Reputation: 3
There is a static old site, with 50 pages on html. The question is how to implement a less fast search? Which way to look? I also did a script on php which simply searches for text in files, but it works sooooo slowly, there are some methods for indexing pages or something like that.
<?php
ini_set('max_execution_time', 900);
if(!isset($_GET['s'])) {
die('You must define a search term!');
}
$search_in = array('html', 'htm');
$search_dir = '.';
$countWords = 15;
$files = list_files($search_dir);
$search_results = array();
foreach($files as $file){
$contents = file_get_contents($file);
preg_match_all("/\<p\>(.*)".$_GET['s']."(.*)\<\/p\>/i", $contents, $matches, PREG_SET_ORDER);
foreach($matches as $match){
$match[1] = trim_result($match[1]);
$match[2] = trim_result($match[2], true);
$match[1] .= '<span style="background: #ffff00;">';
$match[2] = '</span>'.$match[2];
preg_match("/\<title\>(.*)\<\/title\>/", $contents, $matches2);
$search_results[] = array($file, $match[1].$_GET['s'].$match[2], $matches2[1]);
}
}
?>
<html>
<head>
<title>Search results</title>
</head>
<body>
<?php foreach($search_results as $result) :?>
<div>
<h3><a href="<?php echo $result[0]; ?>"><?php echo $result[2]; ?></a></h3>
<p><?php echo $result[1]; ?></p>
</div>
<?php endforeach; ?>
</body>
</html>
<?php
function list_files($dir){
global $search_in;
$result = array();
if(is_dir($dir)){
if($dh = opendir($dir)){
while (($file = readdir($dh)) !== false) {
if(!($file == '.' || $file == '..')){
$file = $dir.'/'.$file;
if(is_dir($file) && $file != './.' && $file != './..'){
$result = array_merge($result, list_files($file));
}
else if(!is_dir($file)){
if(in_array(get_file_extension($file), $search_in)){
$result[] = $file;
}
}
}
}
}
}
return $result;
}
function get_file_extension($filename){
$result = '';
$parts = explode('.', $filename);
if(is_array($parts) && count($parts) > 1){
$result = end($parts);
}
return $result;
}
function trim_result($text, $start = false){
$words = split(' ', strip_tags($text));
if($start){
$words = array_slice($words, 0, $countWords);
}
else{
$start = count($words) - $countWords;
$words = array_slice($words, ($start < 0 ? 0 : $start), $countWords);
}
return implode(' ', $words);
}
?>
Upvotes: 0
Views: 296
Reputation: 26615
This isn't something you're going to solve (well) just by a script that runs at runtime.
You're going to want something to pre-parse it into one something that can quickly be searched through.
A simple method would be to parse it all into a text or JSON file.

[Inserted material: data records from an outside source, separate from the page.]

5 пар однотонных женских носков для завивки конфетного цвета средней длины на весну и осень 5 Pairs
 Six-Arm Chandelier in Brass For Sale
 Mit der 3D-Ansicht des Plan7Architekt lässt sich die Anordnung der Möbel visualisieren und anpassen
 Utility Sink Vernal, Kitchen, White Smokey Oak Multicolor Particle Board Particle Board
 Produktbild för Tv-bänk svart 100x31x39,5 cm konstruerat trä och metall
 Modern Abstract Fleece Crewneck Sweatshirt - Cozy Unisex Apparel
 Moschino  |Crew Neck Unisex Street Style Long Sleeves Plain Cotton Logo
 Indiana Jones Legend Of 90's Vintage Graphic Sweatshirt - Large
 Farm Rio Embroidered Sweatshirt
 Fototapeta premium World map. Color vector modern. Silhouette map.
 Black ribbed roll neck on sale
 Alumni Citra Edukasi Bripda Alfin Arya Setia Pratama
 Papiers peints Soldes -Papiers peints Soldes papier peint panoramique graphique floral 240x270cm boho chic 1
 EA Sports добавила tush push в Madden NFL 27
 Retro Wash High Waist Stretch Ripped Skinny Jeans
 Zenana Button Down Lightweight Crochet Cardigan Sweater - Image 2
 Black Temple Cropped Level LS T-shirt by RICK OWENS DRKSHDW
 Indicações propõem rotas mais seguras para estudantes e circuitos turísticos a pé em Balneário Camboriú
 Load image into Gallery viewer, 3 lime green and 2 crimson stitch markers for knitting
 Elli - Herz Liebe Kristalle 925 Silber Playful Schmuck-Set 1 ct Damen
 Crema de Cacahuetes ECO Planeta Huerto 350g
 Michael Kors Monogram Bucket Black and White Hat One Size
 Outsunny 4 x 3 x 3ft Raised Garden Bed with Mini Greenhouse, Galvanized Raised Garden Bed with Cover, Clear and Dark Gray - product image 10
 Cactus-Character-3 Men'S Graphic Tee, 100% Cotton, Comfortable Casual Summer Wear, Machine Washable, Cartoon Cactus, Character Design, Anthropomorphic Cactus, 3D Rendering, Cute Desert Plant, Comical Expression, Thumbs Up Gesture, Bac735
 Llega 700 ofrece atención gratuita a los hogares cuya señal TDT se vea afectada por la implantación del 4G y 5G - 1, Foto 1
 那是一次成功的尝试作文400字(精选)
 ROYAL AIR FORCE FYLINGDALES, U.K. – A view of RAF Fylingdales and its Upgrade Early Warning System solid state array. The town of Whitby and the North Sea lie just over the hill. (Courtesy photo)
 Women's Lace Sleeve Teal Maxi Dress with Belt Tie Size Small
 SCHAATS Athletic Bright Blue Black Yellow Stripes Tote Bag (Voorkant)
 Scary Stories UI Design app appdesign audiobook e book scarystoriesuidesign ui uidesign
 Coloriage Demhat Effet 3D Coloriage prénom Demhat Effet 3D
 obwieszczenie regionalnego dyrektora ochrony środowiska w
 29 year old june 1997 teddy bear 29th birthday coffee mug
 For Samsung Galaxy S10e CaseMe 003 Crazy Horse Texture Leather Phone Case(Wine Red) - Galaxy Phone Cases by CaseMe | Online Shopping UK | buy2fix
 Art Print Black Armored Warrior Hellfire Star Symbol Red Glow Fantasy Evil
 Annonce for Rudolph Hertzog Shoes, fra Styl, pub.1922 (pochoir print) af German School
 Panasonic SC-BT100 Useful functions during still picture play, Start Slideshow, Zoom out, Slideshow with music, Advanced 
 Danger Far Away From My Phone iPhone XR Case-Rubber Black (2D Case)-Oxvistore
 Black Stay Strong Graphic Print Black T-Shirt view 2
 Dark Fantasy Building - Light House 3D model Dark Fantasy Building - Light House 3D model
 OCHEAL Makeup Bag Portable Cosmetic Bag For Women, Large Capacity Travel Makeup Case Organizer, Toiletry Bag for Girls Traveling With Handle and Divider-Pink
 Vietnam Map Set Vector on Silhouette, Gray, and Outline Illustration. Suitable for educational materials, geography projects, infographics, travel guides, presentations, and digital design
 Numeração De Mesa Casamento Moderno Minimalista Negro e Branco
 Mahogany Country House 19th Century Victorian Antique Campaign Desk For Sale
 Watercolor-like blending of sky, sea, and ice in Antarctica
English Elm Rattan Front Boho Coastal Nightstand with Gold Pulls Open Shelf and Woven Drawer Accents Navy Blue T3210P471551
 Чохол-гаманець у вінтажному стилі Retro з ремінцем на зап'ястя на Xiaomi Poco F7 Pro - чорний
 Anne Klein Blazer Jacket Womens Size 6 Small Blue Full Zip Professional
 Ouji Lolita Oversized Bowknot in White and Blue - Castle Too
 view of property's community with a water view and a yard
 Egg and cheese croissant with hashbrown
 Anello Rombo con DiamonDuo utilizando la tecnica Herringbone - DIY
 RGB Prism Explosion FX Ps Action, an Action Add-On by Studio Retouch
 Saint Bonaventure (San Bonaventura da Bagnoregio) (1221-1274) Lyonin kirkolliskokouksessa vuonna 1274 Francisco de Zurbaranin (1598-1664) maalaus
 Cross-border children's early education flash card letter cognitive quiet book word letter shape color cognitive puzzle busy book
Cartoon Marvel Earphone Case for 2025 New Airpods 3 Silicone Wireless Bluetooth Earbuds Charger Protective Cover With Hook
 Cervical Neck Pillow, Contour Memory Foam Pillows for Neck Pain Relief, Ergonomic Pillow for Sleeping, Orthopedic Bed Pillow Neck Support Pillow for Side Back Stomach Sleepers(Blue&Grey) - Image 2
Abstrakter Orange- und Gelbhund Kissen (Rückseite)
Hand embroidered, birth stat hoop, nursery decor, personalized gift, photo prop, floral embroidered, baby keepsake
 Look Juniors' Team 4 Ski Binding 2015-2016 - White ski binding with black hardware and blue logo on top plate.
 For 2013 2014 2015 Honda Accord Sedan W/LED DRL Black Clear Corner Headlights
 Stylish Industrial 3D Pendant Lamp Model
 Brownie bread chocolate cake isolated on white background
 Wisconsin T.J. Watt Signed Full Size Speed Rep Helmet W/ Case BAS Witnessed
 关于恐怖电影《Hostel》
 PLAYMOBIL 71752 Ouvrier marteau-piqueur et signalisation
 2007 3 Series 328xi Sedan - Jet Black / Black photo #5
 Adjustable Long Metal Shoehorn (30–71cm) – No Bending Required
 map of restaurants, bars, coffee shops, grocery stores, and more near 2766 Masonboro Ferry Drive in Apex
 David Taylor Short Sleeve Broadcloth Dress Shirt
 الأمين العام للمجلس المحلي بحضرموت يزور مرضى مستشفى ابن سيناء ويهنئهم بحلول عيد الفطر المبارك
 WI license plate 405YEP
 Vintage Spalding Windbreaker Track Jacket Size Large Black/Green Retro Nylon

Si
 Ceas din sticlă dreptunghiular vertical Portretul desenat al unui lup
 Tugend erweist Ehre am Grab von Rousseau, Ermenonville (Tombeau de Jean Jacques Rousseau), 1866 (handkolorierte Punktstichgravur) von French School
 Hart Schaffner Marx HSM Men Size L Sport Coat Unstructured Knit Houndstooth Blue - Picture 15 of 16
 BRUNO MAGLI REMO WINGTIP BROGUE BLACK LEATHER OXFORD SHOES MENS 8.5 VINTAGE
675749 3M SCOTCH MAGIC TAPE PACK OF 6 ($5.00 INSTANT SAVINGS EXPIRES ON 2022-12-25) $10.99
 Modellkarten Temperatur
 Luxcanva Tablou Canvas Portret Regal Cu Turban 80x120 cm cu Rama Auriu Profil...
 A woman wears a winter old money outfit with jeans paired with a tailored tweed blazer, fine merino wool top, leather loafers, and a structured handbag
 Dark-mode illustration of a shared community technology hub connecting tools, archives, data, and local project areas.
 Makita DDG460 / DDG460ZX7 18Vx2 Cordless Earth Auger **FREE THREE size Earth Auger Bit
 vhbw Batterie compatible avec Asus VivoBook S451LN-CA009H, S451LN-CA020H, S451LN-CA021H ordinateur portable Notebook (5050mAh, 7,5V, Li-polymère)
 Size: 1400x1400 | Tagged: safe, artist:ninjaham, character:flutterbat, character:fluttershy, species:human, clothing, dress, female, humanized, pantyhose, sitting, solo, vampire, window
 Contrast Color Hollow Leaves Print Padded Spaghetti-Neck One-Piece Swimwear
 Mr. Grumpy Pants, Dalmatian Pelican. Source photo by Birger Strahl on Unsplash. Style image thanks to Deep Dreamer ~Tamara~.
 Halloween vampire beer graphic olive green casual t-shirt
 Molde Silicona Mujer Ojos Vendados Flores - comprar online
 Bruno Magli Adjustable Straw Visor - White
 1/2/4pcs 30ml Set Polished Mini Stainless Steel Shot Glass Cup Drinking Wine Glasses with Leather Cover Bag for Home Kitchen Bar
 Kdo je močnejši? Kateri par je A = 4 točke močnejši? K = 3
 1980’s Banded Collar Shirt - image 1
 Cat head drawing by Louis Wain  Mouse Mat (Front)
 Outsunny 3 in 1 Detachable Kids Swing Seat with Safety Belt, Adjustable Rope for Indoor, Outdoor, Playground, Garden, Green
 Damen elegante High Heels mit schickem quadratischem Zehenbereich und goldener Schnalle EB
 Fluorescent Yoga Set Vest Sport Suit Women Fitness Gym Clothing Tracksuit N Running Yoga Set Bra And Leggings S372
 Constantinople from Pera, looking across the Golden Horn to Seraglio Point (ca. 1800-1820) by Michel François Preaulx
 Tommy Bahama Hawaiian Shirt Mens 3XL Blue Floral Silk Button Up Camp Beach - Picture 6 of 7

You can then load that one text file, search for your string and then handle it accordingly.
A more elegant method would be to use SQL database (MySQL, SQLite, SQL Server, etc) or NoSQL database (Mongo, Cassandra, etc.) to store the info and then run queries against it.
Probably the best solution though would be to use Solr to allow for proper searches. It's going to give the best results (and a lot of fine tuning), but may be overkill for your needs.
Upvotes: 0
Reputation: 1224
the best way for speed up the search is:
parse all files with a DOM parser and extract the content.
write this content in an sqlite database (for only 50 Pages you don´t need MYSQL)
then organize the live search with simple sql where statements.
Upvotes: 1